┌──

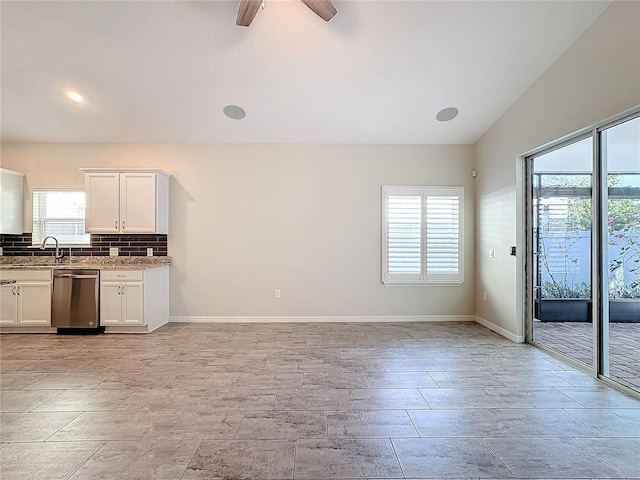 kitchen featuring white cabinets, dishwasher, a wealth of natural light, and light stone counters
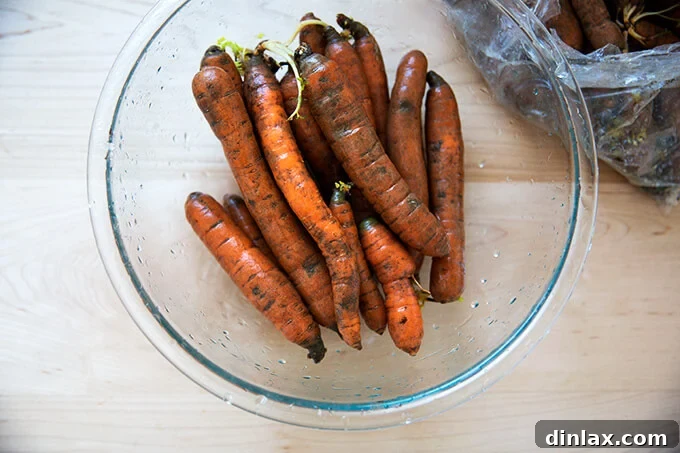 Vibrant Carrot Quinoa Salad with Tangy Tahini Dressing 3 Fresh carrots, washed and ready for preparation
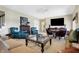Cozy living room with fireplace, comfortable seating, and a large flat screen television at 4843 Snowberry Bay Ct, Carmel, IN 46033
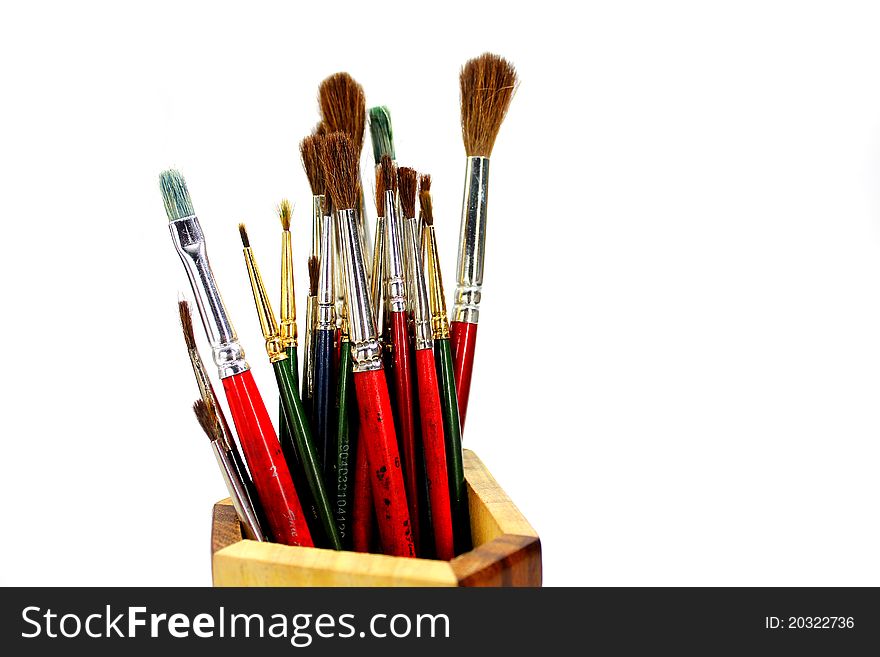 Paint brushes in wooden stand isolated white background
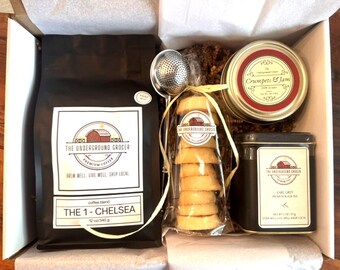May include: A gift box containing a 12 oz bag of The Underground Grocer coffee, a metal tea infuser, a clear bag of round cookies, a Crumpets & Jam candle in a glass jar, and a tin of The Underground Grocer Earl Grey premium black tea.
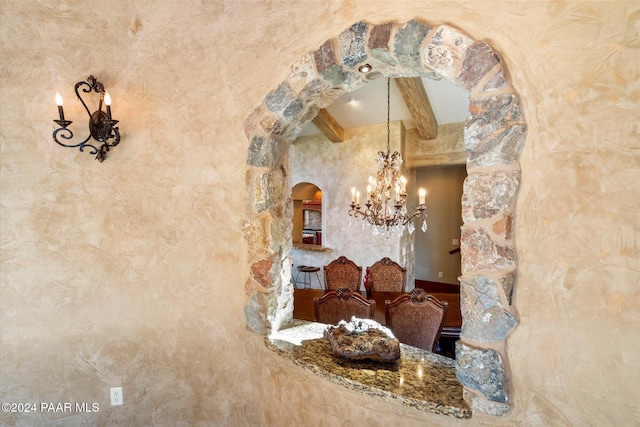 dining room with beam ceiling and a notable chandelier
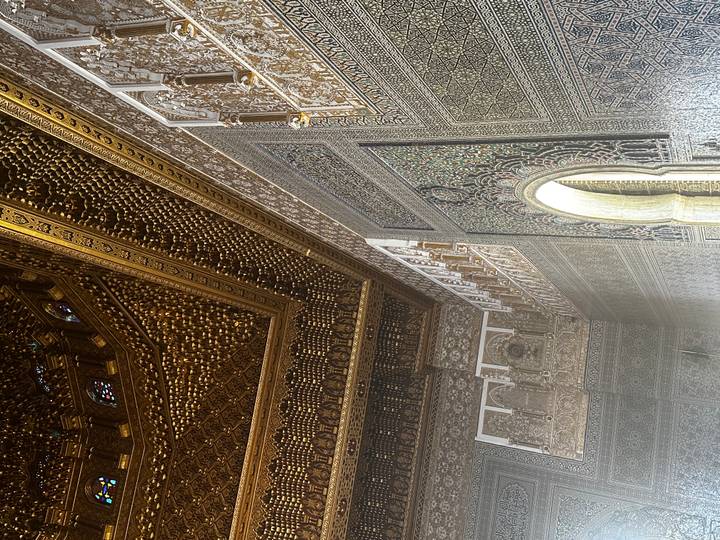 Intricately carved and gilded ceiling and archway in a Moroccan palace or medersa.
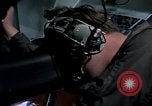 Image of navigator watches radarscope Philippines, 1979, second 39 stock footage video 65675055622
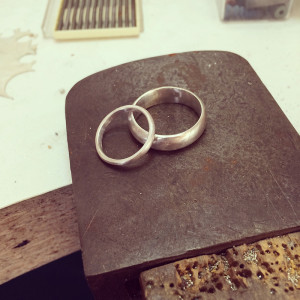 Silver prototype wedding rings to be sized by clients. one delicate female wedding ring and chunkier male wedding ring made by chloe michell jewellery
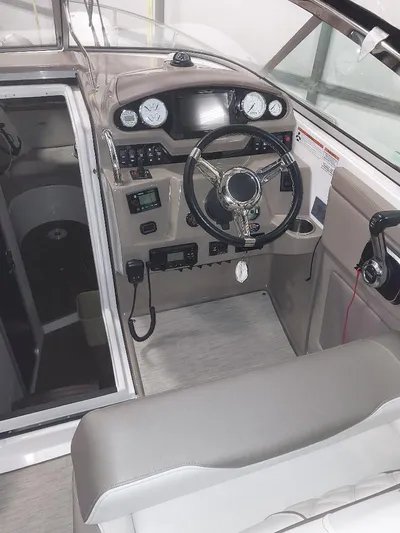 Northern Exposure II Yacht Photos Pics 2018 Regal 28 Express boat cockpit with steering wheel and control panel.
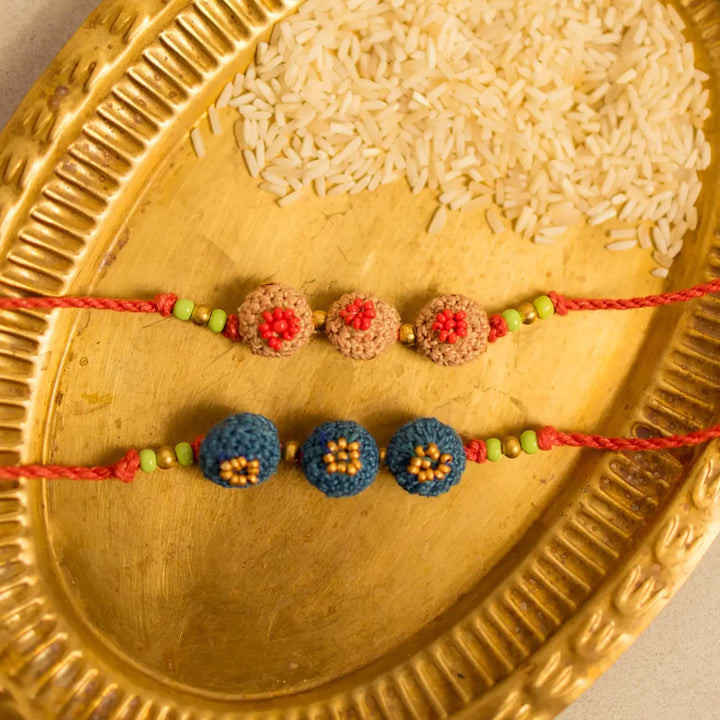 Handmade Crochet Round Ananta Rakhi With Roli Chawal Set Of 2 - Close-up of two bracelets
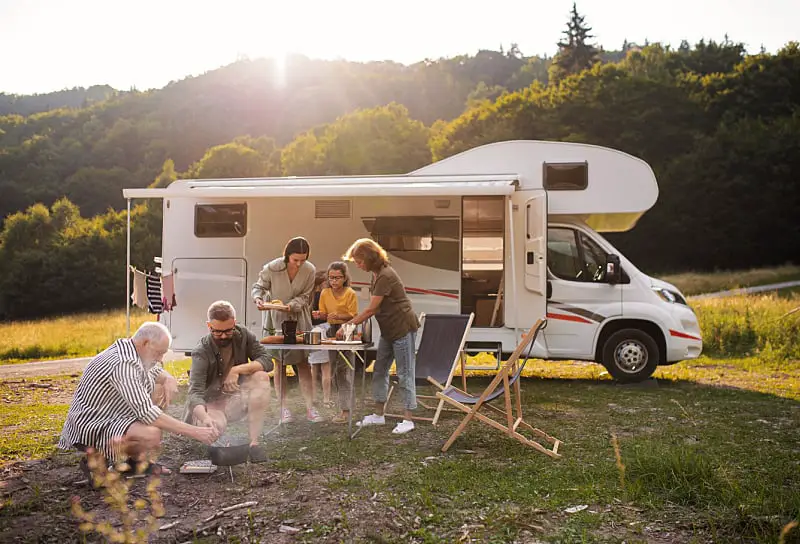 People cooking a meal on a camp fire beside a parked motorhome. Camping in a motorhome is a popular way to travel on the Great Ocean Road in Victoria. 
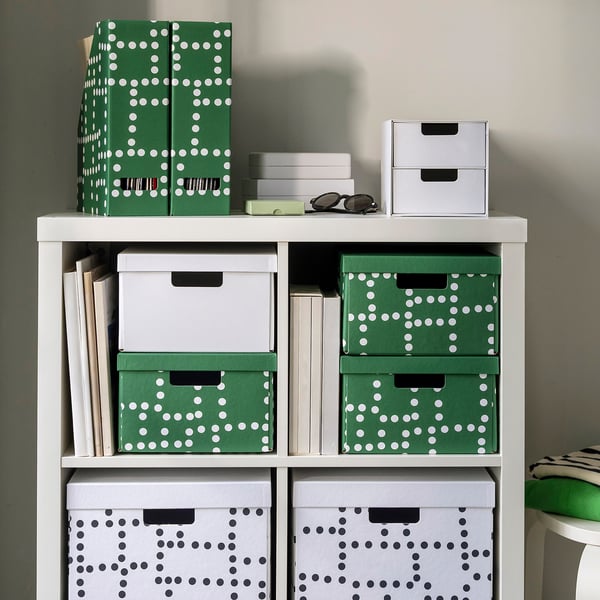 White shelf with green and white polka dot boxes, holding books, papers, and sunglasses.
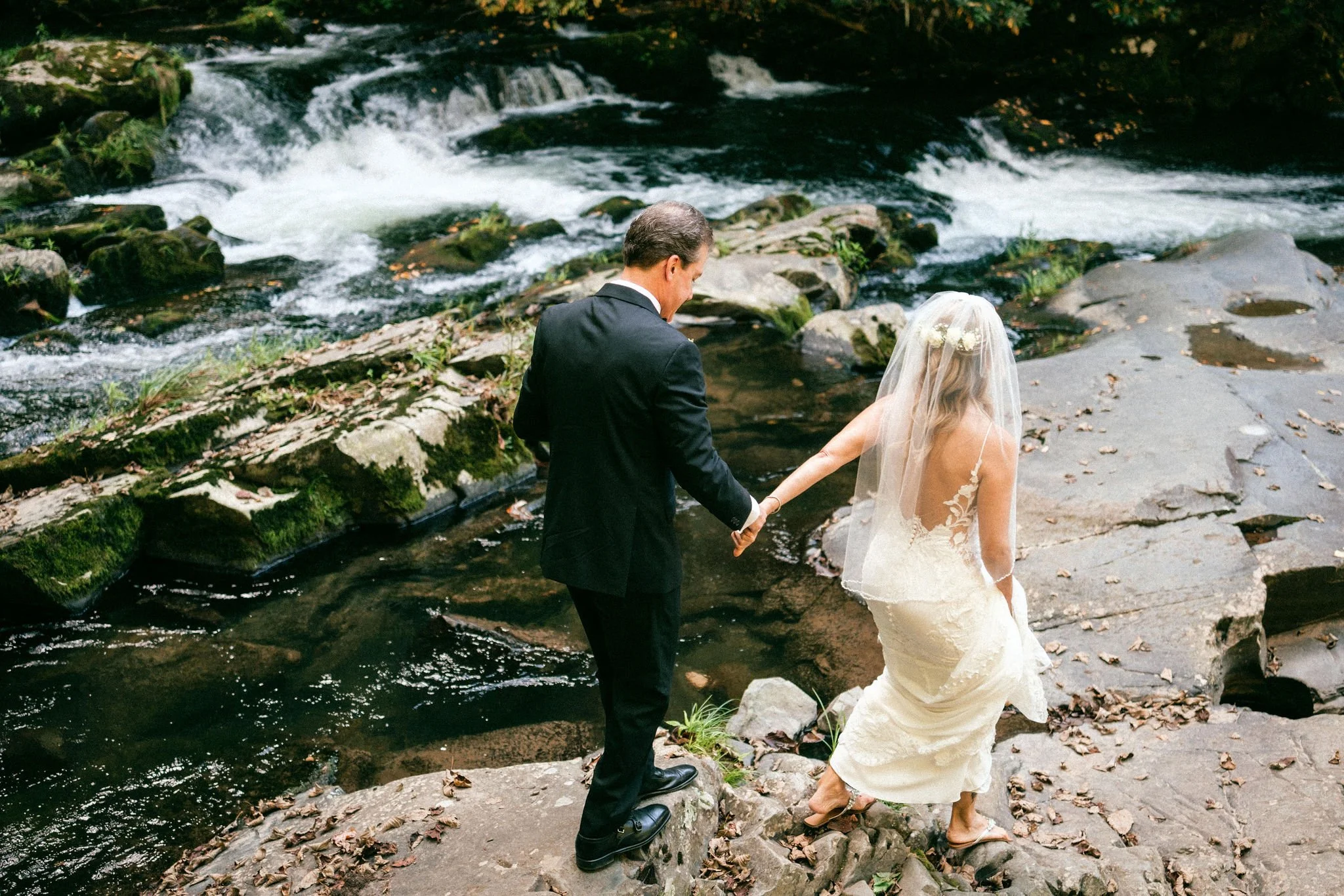 Newlyweds walking together after exchanging vows, reflecting quiet joy and intentional wedding vibes in the mountains of North Carolina..jpg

└──

Required action >>
Retype only the lines from the one with "White shelf with" through the final line of the entries, please, and keep the pictures out.

Exercise solution >>
 White shelf with green and white polka dot boxes, holding books, papers, and sunglasses.
 Newlyweds walking together after exchanging vows, reflecting quiet joy and intentional wedding vibes in the mountains of North Carolina..jpg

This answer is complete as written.